A handy rsync wrapper cli tool.


A handy rsync wrapper cli tool.

This is a dead-simple script that lets you easily set up pairs of files or directories (called 'reflections') and sync them locally or over the network with commands like
$ mirrorworks push
$ mirrorworks pull

This is the node.js implementation. It's not maintained anymore but there is a ruby implementation at https://github.com/tylerbrazier/mirrorworks and a mirrorworks gem. I decided to implement in ruby because of a couple of reasons:

  • Since the calls to rsync are asynchronous, there are problems if rsync ever prompts for anything like host verification, passwords, or passphrases. To fix this, the script could, by default, run synchronously and provide an option for running asynchronously. This would pretty much require a rewrite of the whole script anyway.
  • I want to provide Windows support. The problem is Windows doesn't have a native rsync implementation so cygwin is required. The problem with this idea is that node is not supported by cygwin since windows has a native implementation for node. It's a big mess and getting things to work correctly together is probably more of a hassle than it's worth.

So, since the script needed to be rewritten anyway, it seems the best option was to re-implement it in another language that can be used in unix/linux and cygwin. This is the final version of this node implementation :(

Make sure you have rsync installed on your system.

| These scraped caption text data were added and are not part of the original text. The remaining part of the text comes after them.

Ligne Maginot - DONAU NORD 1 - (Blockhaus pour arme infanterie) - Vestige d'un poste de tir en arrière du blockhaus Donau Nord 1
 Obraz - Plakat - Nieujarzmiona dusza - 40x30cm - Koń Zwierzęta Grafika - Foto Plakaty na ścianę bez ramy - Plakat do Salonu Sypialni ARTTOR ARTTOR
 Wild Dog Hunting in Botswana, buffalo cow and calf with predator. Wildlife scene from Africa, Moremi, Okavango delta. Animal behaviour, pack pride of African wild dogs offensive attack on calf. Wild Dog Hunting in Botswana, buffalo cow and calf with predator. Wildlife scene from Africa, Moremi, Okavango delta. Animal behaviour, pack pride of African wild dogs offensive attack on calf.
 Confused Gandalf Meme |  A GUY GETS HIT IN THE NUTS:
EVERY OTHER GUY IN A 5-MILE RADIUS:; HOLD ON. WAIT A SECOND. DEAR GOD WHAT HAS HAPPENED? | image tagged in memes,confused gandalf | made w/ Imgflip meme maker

Install Mirrorworks globally with
# npm install mirrorworks -g

Copy and edit the example config file to your home directory $ cp /usr/lib/node_modules/mirrorworks/example.mirrorworksrc.json ~/.mirrorworksrc.json

This file contains some underlying rsync config options as well as a set of 'reflections'. Reflections are pairs files or directories that you want to have synchronized. Each consists of a name, a local file/dir, and a remote file/dir. There are a few things to remember when setting up your reflections:

  • The name of each reflection should be unique.
  • The path to directories should end in a slash /.
  • You can use '$HOME' or '~' to refer to your home directory.
  • The script doesn't like paths that include a space.